Data extracted from a collection

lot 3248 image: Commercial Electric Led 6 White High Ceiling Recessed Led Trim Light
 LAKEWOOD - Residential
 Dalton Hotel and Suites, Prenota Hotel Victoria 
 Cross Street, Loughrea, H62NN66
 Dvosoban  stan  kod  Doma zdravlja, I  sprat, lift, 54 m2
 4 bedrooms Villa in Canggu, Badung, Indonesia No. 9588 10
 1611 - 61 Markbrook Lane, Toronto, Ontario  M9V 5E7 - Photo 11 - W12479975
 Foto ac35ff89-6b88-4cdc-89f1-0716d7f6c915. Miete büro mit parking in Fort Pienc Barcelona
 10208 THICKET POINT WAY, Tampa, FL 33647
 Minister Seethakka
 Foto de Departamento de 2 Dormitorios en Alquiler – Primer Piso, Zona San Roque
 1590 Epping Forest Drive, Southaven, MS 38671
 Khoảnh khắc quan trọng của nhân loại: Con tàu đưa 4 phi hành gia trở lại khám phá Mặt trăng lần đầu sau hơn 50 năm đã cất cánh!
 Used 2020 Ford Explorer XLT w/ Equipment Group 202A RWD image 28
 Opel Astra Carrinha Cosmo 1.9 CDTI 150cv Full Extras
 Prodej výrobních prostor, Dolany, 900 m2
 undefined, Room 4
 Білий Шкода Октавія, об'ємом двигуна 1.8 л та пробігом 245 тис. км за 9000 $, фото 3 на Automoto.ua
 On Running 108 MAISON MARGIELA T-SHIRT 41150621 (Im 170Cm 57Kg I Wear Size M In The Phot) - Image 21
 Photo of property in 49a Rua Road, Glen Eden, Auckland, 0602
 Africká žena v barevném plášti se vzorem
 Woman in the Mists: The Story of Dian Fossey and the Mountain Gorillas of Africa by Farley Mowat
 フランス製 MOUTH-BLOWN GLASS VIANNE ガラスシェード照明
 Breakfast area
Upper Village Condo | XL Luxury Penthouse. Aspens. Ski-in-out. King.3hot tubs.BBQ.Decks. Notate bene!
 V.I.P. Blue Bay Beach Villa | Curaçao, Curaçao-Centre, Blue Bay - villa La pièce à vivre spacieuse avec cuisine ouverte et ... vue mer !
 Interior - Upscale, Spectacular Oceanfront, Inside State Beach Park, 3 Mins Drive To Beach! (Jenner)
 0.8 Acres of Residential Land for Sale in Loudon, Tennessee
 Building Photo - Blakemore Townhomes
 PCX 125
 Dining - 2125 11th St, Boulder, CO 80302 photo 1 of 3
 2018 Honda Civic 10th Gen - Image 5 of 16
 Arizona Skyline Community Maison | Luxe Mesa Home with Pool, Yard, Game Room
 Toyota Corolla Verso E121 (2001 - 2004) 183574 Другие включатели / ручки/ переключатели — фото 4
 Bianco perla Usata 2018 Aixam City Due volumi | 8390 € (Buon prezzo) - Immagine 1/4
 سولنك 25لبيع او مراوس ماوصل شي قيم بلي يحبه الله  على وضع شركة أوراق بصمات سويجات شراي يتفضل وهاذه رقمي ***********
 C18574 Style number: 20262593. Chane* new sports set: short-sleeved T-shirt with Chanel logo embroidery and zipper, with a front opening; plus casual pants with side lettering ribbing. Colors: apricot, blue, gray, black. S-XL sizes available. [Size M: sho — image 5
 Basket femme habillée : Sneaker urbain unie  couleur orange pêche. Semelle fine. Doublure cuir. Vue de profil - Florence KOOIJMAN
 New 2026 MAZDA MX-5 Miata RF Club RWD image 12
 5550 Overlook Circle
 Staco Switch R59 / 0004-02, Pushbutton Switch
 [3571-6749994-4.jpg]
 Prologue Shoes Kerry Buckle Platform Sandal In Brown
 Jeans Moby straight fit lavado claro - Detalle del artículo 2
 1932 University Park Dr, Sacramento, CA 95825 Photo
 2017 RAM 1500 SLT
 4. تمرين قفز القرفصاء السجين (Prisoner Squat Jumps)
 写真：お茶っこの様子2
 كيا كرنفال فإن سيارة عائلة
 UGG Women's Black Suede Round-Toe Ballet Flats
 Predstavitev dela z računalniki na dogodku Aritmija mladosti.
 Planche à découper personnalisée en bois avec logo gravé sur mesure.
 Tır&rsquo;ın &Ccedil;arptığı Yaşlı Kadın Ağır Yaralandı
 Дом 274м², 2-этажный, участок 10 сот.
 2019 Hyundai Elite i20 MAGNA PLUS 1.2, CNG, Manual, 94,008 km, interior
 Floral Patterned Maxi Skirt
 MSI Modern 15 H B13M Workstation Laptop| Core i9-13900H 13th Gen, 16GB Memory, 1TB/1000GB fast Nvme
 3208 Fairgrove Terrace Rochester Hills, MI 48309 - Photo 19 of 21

*TASK TO CARRY OUT*: Among the entries above, how many lines contain the string "Foto"? Write the number alone.

*THE ANSWER*: 2